WHAT YOU NEED TO DO =>
Pictures excluded, reproduce exactly the lines below from the one with "Used 2025 Toyota Highlander Limited image 9" through the one with "Three-Bedroom Townhouse - Photo 7", both included.

SUPPLIED DATA =>
------------

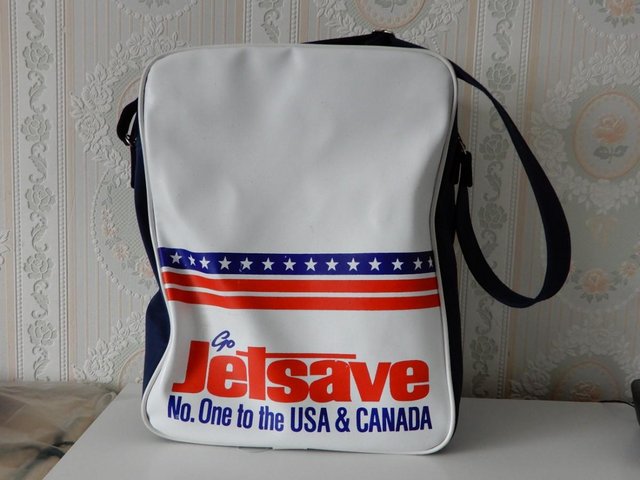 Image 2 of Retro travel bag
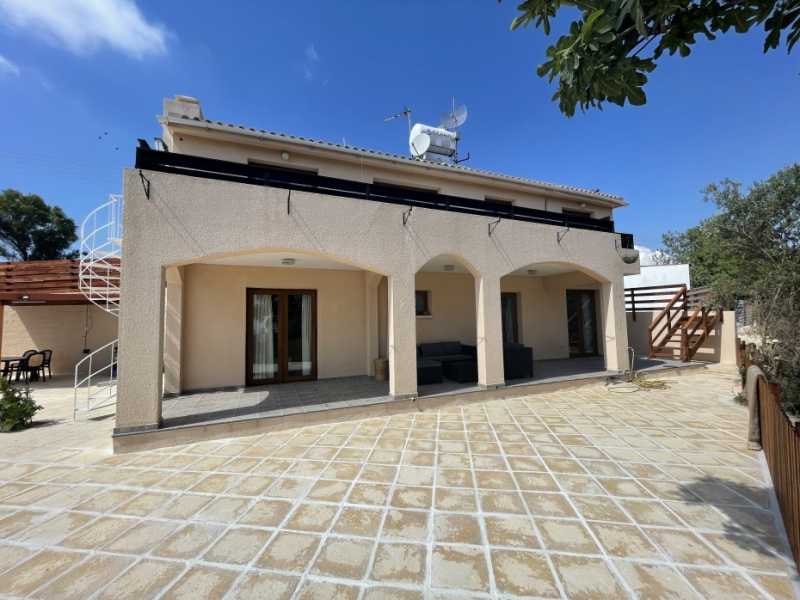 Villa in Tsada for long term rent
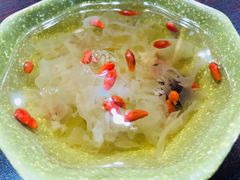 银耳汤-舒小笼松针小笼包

------------

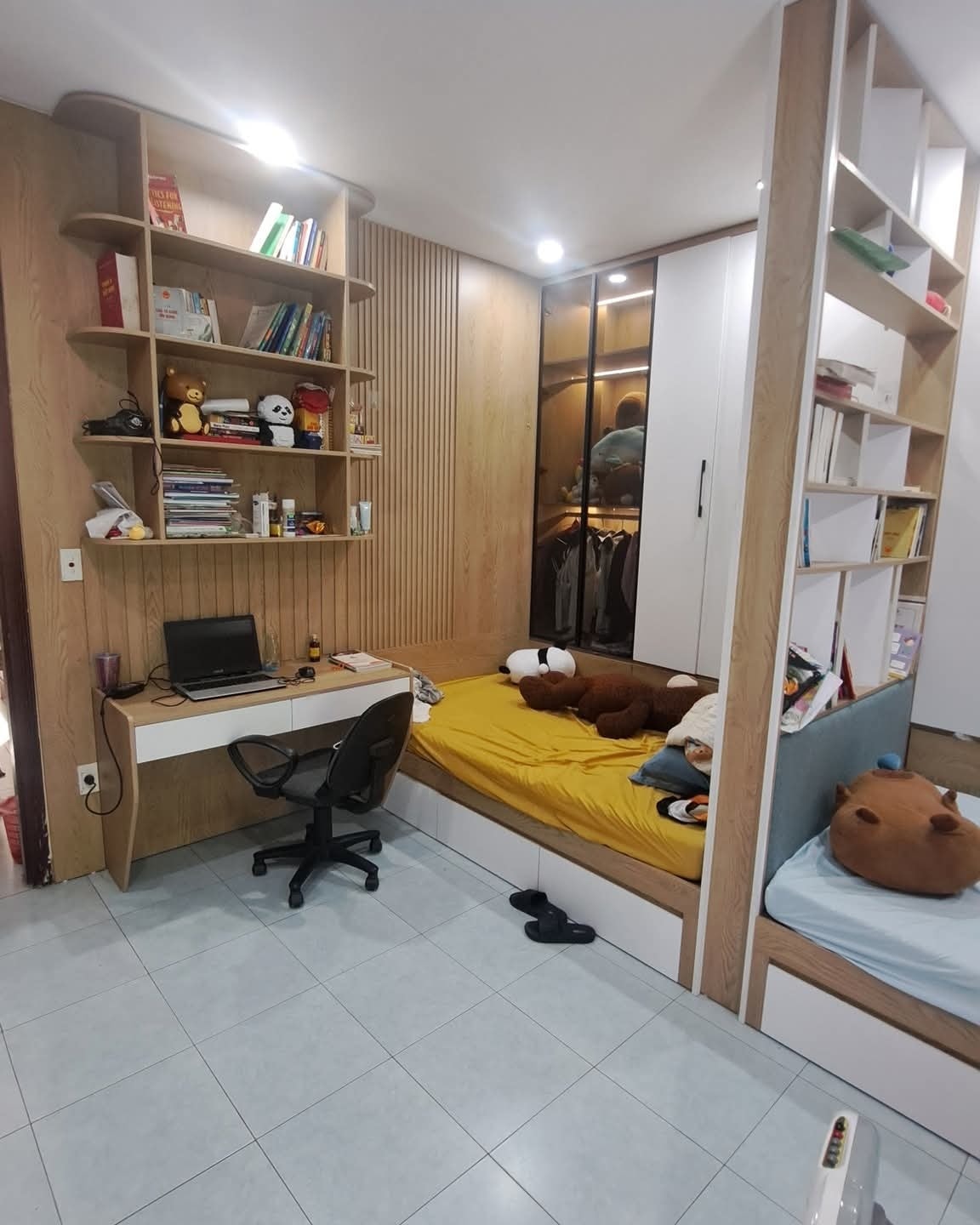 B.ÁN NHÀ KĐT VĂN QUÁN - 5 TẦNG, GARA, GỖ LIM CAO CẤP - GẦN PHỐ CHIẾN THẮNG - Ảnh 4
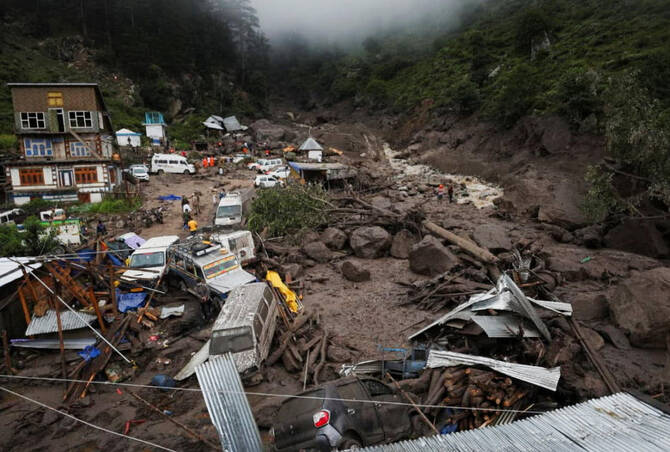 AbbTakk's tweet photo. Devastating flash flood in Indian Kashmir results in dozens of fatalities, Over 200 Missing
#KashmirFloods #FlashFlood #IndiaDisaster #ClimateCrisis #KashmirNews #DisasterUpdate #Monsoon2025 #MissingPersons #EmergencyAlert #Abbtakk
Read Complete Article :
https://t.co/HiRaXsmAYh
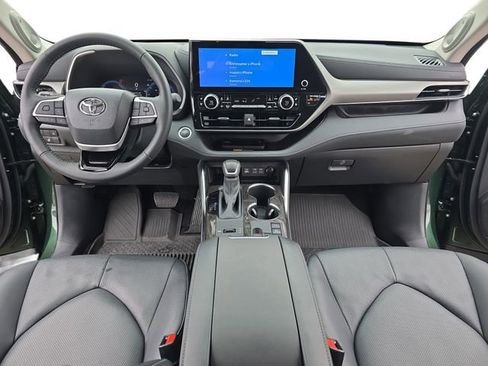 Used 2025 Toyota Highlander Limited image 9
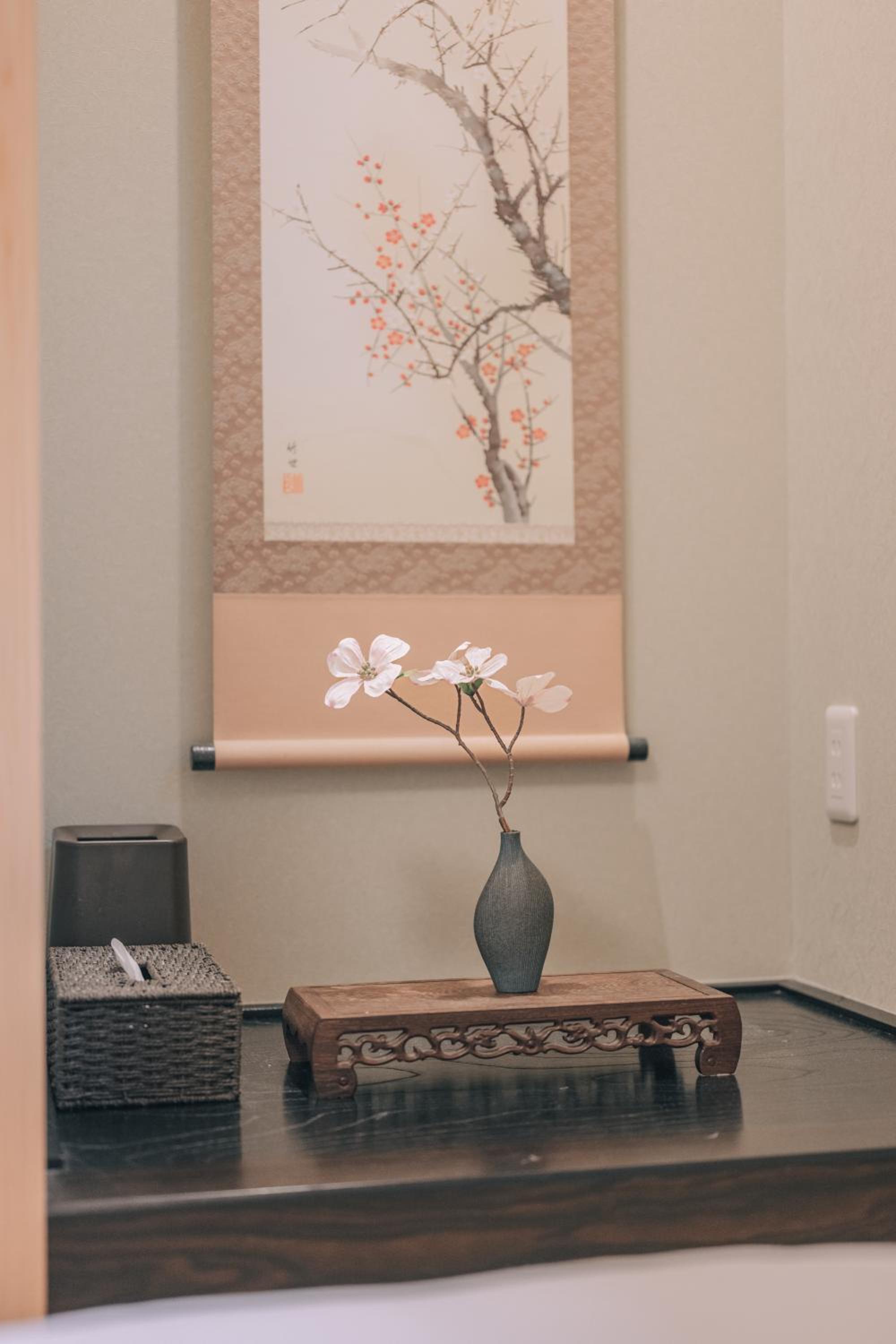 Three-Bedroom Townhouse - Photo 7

------------

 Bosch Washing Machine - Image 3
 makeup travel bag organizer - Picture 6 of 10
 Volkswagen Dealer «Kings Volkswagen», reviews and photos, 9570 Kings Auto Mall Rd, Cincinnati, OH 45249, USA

------------

WRITTEN RESPONSE =>
 Used 2025 Toyota Highlander Limited image 9
 Three-Bedroom Townhouse - Photo 7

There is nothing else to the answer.